Secret Enrichment Facility Discovered In Iran

A day after passing a UN resolution to move toward total nuclear disarmament, Barack Obama joined Nicolas Sarkozy and Gordon Brown to disclose the existence of a secret Iranian site used to enrich low-grade uranium. Iran has acknowledged the site, but “The (IAEA) also understands from Iran that no nuclear material has been introduced into the facility." Obama had this to say:

Appearing before reporters in Pittsburgh, Mr. Obama said that the Iranian nuclear program “represents a direct challenge to the basic foundation of the nonproliferation regime.” President Nicholas Sarkozy of France, appearing beside Mr. Obama, said that Iran had a deadline of two months to comply with international demands or face increased sanctions.

“The level of deception by the Iranian government, and the scale of what we believe is the breach of international commitments, will shock and anger the entire international community,” Prime Minister Gordon Brown of Britain said, standing on the other side of Mr. Obama. “The international community has no choice today but to draw a line in the sand.”


It sounds like US intelligence had been monitoring the facility, near the holy city of Qom, for years, but recently had their cover broken, which led Iran to disclose the existence of the plant to the IAEA. Obama said today that "the size and configuration of this facility is inconsistent with a peaceful program," although I'm wondering about the exact meaning of that remark, given the claim that no enriched uranium exists there, which American officials confirm (they say it could be ready by next year).

This comes right before the October 1 meeting between Iran and Western powers, and is sure to add some intensity to them.

This latest disclosure, along with the stolen election and state-sponsored repression of dissent, is turning Iran into a pariah regime, like North Korea.

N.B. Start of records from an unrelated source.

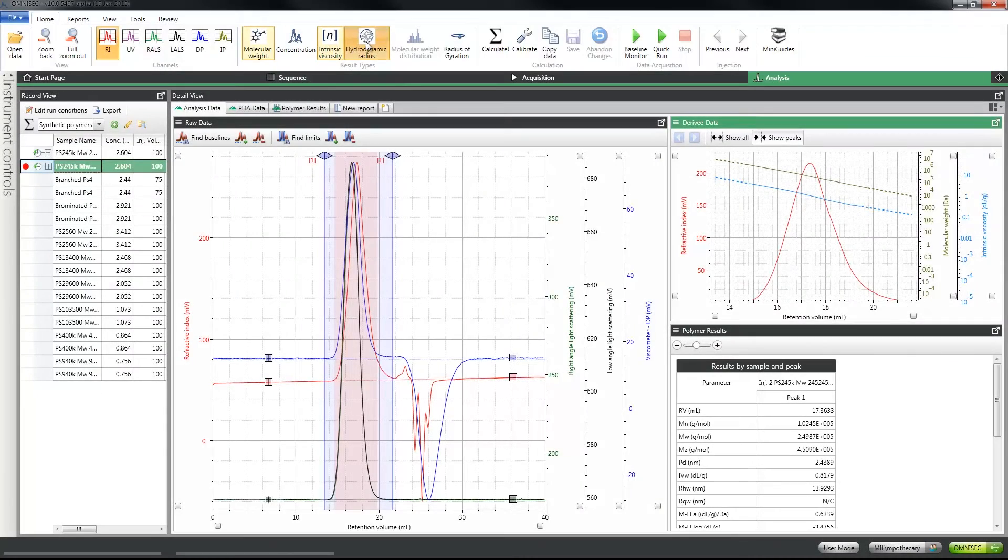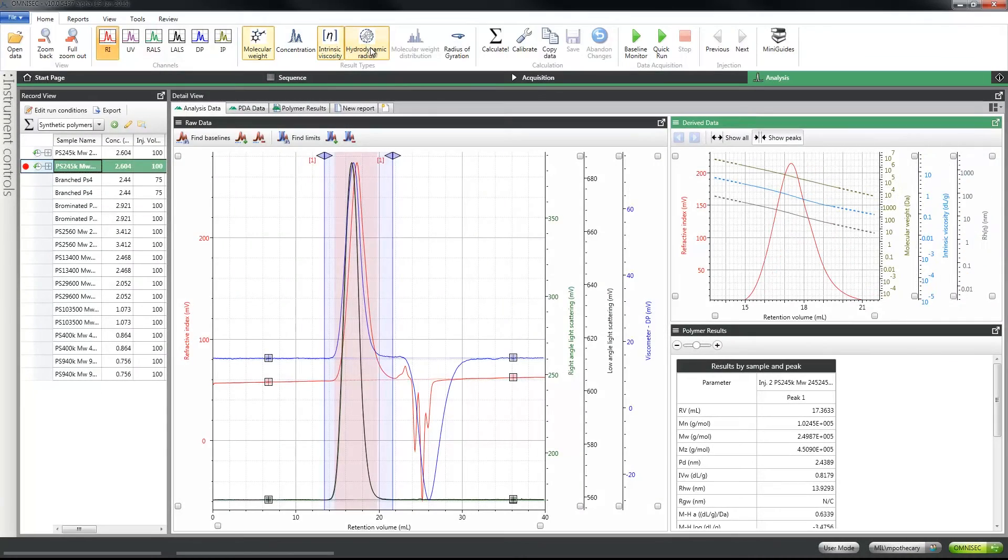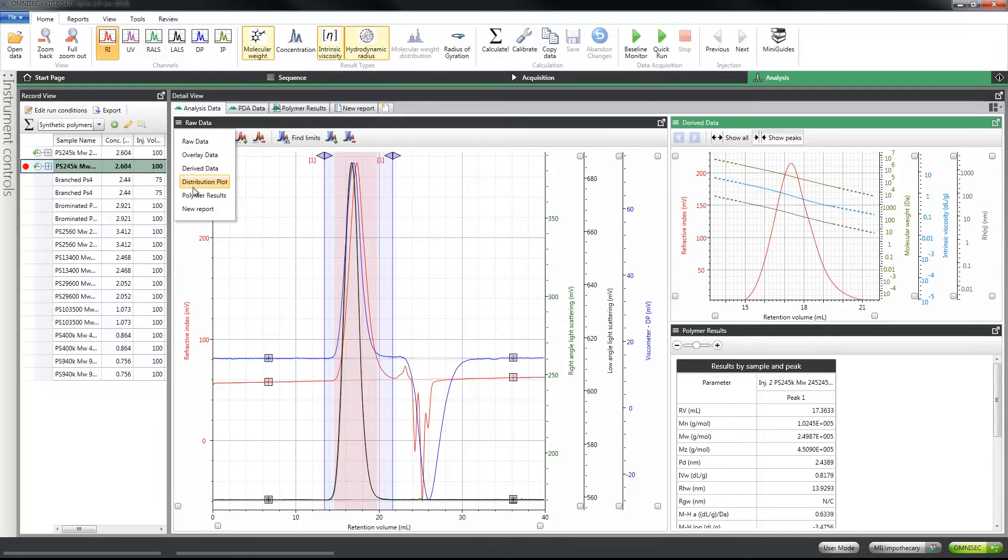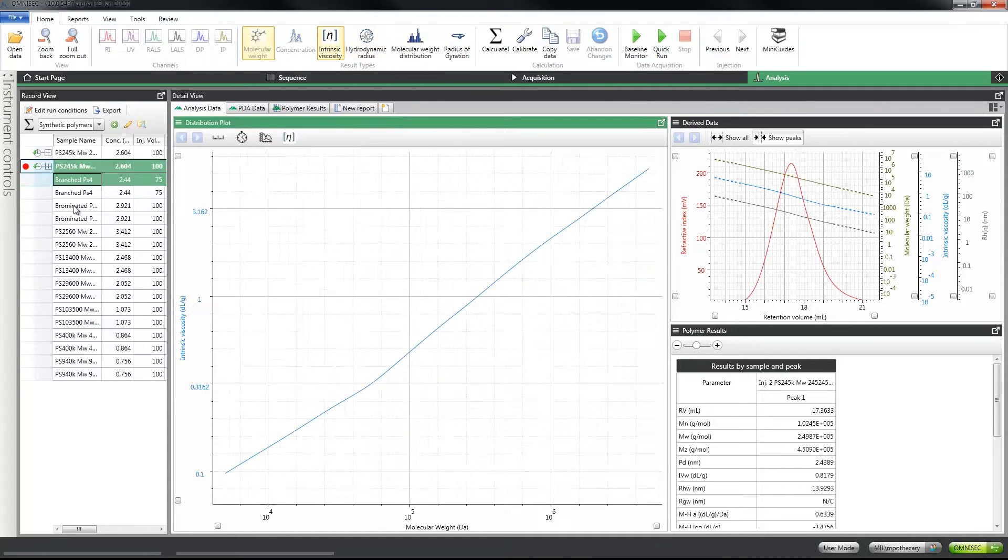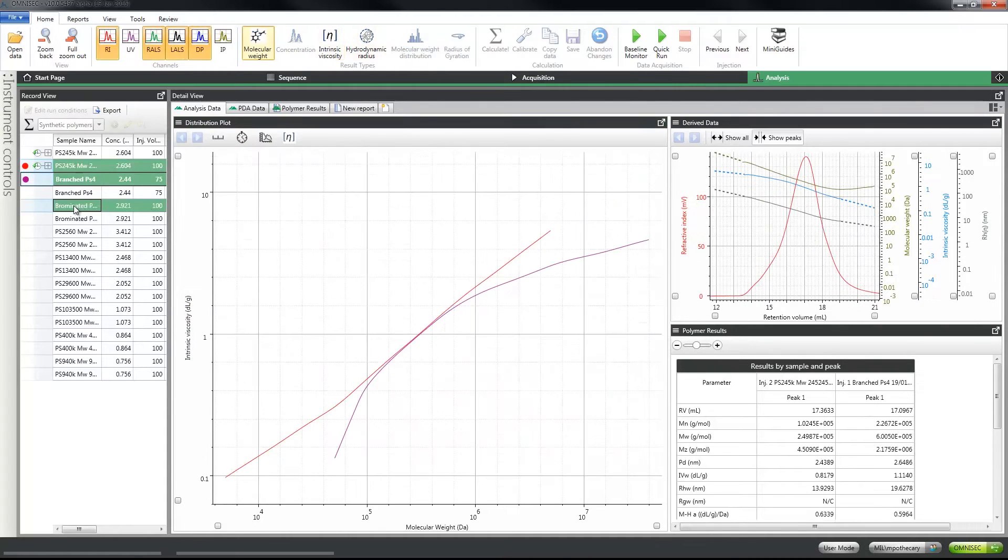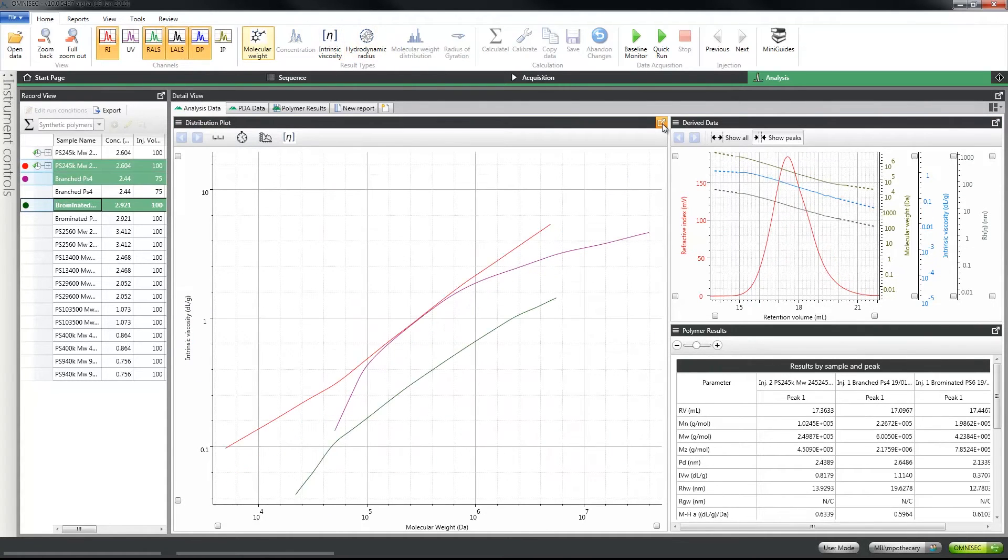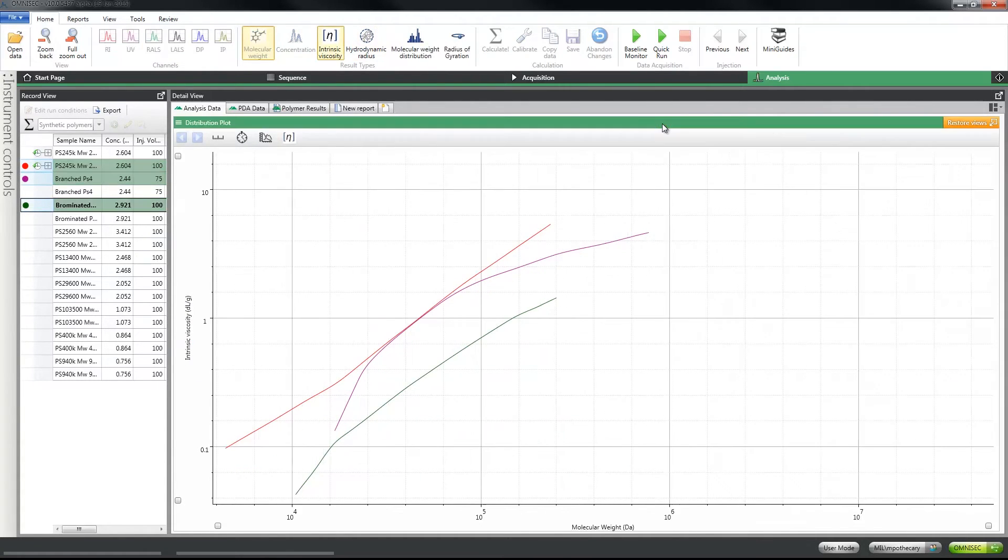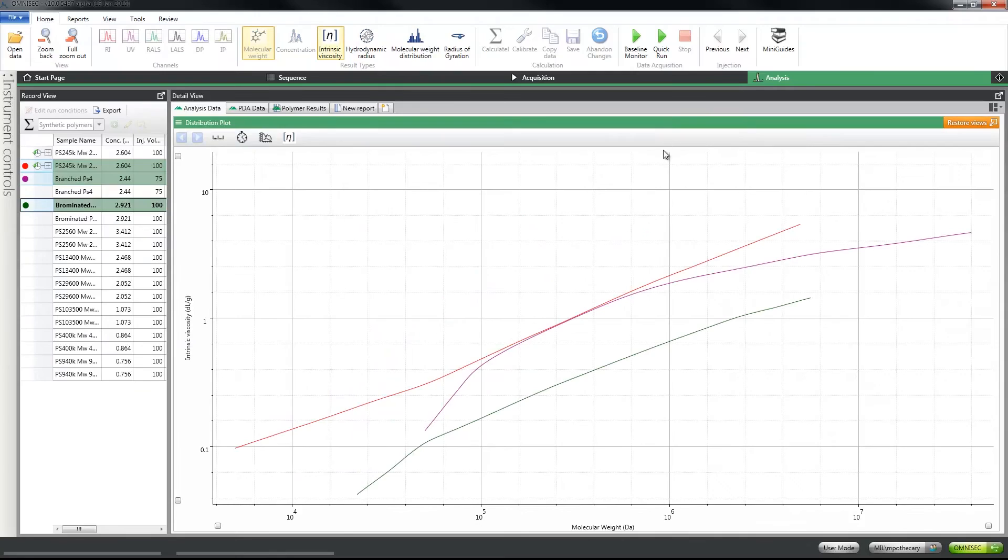It makes the accurate analysis of molecular weight, size and intrinsic viscosity simple and ensures precise Mark Houwink plots for comparison of polymer structures.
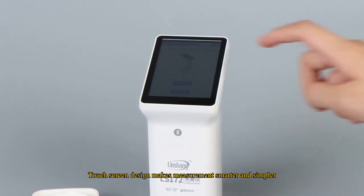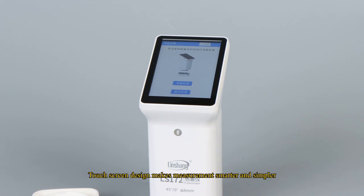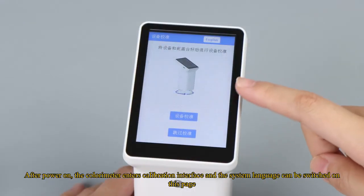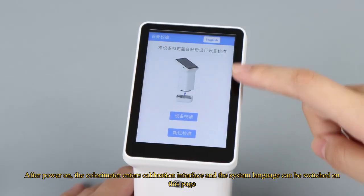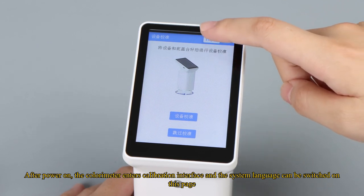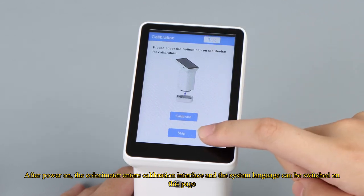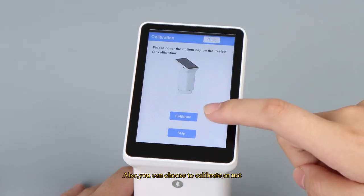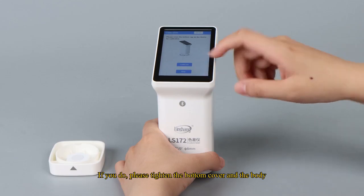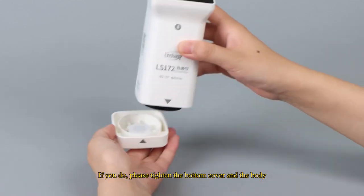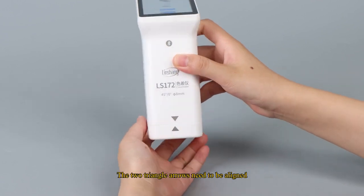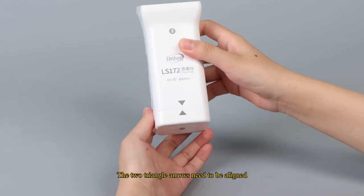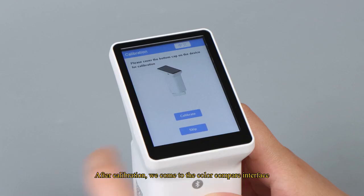Touchscreen design makes measurement smarter and simpler. After power on, the colorimeter enters calibration interface and the system language can be switched on this page. Also, you can choose to calibrate or not. If you do, please tighten the bottom cover and the body. The two triangle arrows need to be aligned.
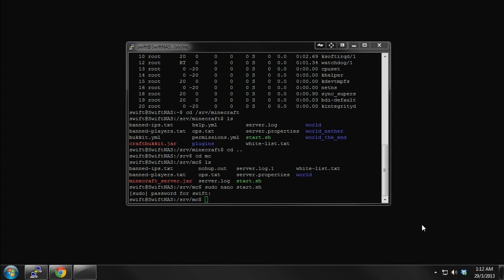Hey guys, Swift here. Today I want to do a very quick short video to show you things that you can do with your NAS. These are some of the fun things you can do if you have a DIY NAS or home server. Basically, I'll show you how to set up your own Minecraft server. I've talked about this and just thought I'd give it a quick try — it's really quick.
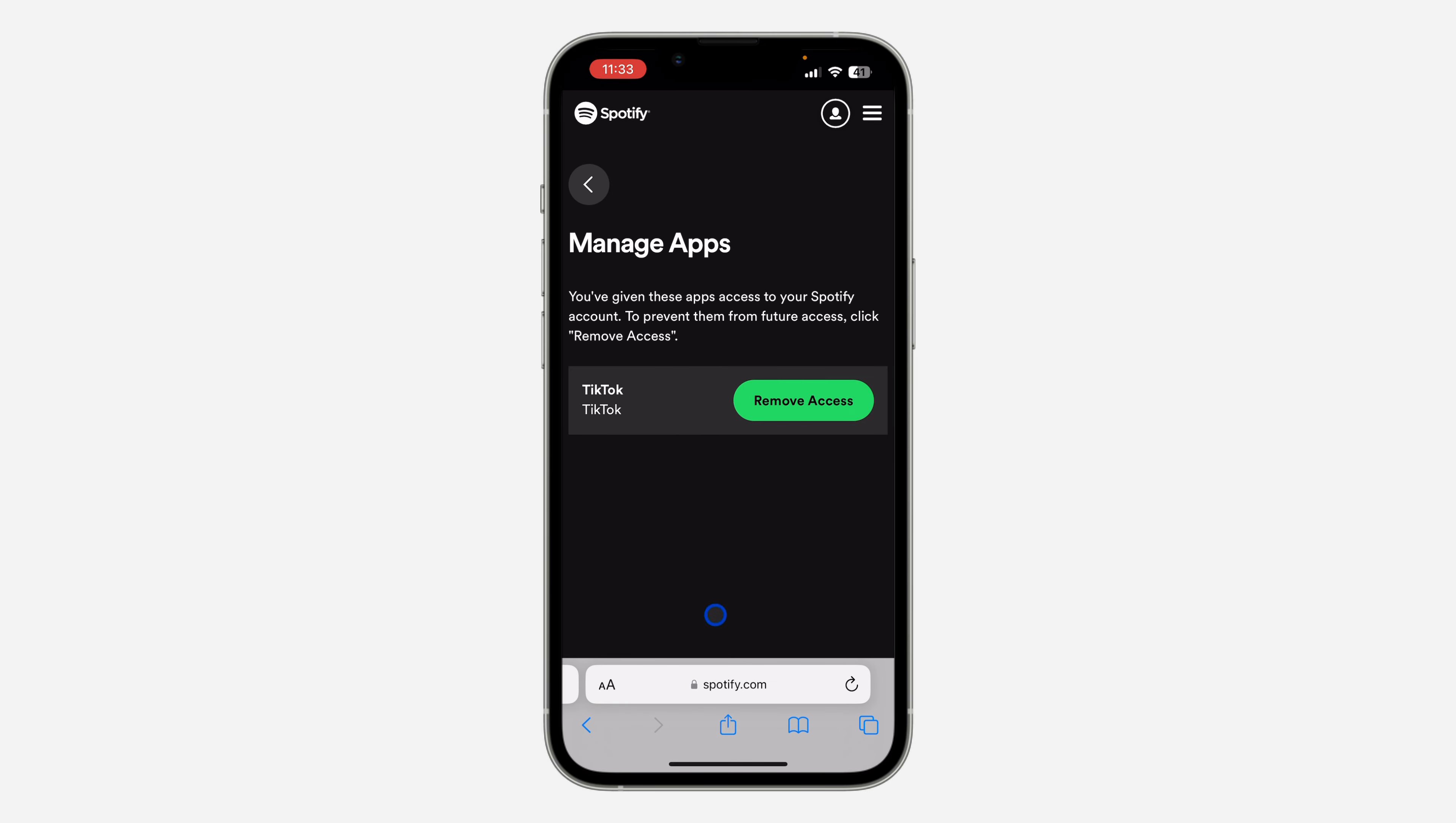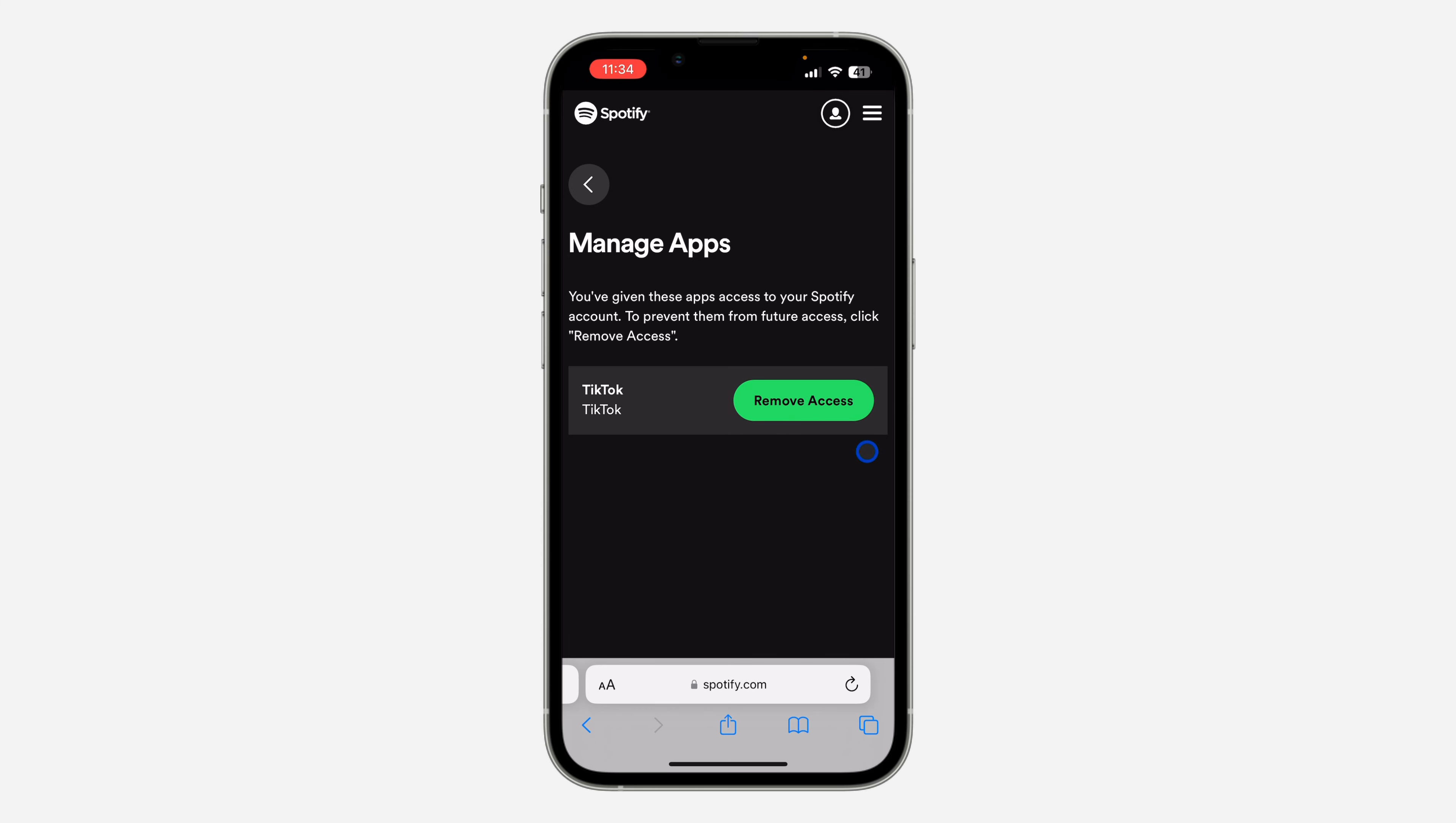Once you click on manage apps, you are going to see the list of all the apps that have access to your Spotify account, the ones you have linked or connected. If you want to revoke any of the access, just click on remove access and that's it. Very easy and straightforward.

Iran has the right under the Nuclear Nonproliferation Treaty to learn how to produce enriched uranium to fuel the reactors it is building. But the centrifuges it is using are an open-ended technology, such that if a nation can learn to use them to enrich uranium to 22 percent (enough for reactor fuel), there is no absolute bar to its learning to enrich to the 95 percent required for a nuclear bomb. Iran can therefore only allay suspicions that it actually wants a bomb by allowing thorough (and even surprise) U.N. inspections and by granting greater access to its scientists, engineers and equipment. Iran was caught doing undeclared weapons-related research in 2002, which is forbidden in the NPT, so it is on a kind of probation from the point of view of the West [...]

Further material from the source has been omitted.